The specifications for the ePub format are detailed by the IDPF (International Digital Publishing Forum), and we’ll refer to version 2.0.1 of the specs which is the most widely used today. Other useful resources are the Wikipedia ePub Page and the Epub Format Construction Guide by Harrison Ainsworth.

Basically, an ePub book is a zipped archive with a well defined structure. The contents includes XHTML documents, CSS stylesheets, images (GIFs, JPEGs, PNGs, and SVGs), and Open Type fonts. There are other specific files used to describe the content of the book; these are the package and container files:

myBook/
    META-INF/
        container.xml
    mimetype
    content.opf
    toc.ncx
    Stylesheet.css
    BookCover.jpg
    HomePage.xhtml
    Chapter1.xhtml
    ...
    ChapterN.xhtml
    Index.xhtml

The first four files are specific for the ePub package, the others are our content. The mimetype file must contain application/epub+zip in ASCII without an end-of-line character. It must be the first file included in the archive and must not be compressed; we cannot do this with PHP, but I’ll show you a work-around for this later.
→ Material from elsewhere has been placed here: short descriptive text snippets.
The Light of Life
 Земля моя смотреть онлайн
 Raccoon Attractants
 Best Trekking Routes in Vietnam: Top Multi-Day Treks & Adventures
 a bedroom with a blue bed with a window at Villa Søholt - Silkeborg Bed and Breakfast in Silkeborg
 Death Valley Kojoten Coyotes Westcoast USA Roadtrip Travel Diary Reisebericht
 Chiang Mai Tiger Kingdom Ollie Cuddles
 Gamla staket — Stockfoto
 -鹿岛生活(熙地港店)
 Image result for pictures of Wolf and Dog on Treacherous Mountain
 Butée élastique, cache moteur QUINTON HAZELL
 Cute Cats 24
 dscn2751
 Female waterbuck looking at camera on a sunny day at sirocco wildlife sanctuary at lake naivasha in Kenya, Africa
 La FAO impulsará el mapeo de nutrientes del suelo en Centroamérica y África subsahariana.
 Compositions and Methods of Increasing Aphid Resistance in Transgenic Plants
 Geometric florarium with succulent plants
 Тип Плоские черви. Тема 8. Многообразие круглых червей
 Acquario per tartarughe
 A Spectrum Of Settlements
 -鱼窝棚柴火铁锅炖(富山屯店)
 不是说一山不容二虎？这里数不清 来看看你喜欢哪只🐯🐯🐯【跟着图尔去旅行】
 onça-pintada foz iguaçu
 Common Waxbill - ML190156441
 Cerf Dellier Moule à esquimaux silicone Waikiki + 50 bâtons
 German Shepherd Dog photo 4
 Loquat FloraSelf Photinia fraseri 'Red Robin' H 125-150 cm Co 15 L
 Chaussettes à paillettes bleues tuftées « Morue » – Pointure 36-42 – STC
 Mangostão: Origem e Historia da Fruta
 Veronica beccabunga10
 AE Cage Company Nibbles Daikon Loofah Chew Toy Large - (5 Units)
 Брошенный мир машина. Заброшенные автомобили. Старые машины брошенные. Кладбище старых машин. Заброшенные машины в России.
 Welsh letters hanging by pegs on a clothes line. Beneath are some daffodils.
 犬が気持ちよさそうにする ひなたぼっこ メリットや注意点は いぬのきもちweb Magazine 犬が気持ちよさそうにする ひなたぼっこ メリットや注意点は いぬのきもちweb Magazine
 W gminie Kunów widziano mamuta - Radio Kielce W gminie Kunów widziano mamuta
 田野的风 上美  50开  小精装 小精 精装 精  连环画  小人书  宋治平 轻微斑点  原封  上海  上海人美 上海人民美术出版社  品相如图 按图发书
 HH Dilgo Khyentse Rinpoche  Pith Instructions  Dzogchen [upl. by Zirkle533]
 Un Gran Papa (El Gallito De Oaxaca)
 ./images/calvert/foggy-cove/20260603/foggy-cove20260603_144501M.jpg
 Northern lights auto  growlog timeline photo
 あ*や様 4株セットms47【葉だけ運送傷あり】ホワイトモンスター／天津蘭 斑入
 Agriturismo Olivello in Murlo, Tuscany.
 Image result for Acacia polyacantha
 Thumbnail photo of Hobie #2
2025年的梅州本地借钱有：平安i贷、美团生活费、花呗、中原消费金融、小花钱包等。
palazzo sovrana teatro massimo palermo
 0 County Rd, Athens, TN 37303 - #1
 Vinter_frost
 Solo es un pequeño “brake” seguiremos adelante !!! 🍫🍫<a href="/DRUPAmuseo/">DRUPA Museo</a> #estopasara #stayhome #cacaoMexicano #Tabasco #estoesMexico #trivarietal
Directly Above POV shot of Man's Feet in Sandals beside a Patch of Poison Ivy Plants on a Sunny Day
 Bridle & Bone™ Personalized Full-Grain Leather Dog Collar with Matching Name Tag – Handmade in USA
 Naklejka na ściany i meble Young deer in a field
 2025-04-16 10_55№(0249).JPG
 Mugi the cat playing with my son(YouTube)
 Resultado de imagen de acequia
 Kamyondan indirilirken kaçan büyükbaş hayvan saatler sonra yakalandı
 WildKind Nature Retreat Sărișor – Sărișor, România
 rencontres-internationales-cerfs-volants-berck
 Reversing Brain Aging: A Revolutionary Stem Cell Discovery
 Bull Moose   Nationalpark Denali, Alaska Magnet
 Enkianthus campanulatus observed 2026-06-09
The file META-INF/container.xml is fixed in name and location. The scope of this file is to tell where the OPF file (usually content.opf) is located relative to the ebook’s root directory.

content.opf is an XML file that contains the book’s meta data, the references to all the content resources, and the the order in which the contents must be loaded by the reader application.

The toc.ncx file is an optional but recommended XML navigation map of the ebook.

There are also other optional files that are not taken in consideration for now. And I won’t tell you how to add DRM, sorry.

Our First eBook

So how do we prepare our content for ePub-lishing? I’ve set up a test book directory like this:

mybook/
    01-first-chapter.md
    02-second-chapter.md
    book.json
    cover.jpg
    coverpage.md
    index.md
    style.css
    titlepage.md
    media/
        *.jpg

Most of the files are content files for the publication, markdown text and images. We then have a style.css file (the name and position should be fixed for now). Keep in mind that the ePub format understands only a subset of the CSS 2.1 specs.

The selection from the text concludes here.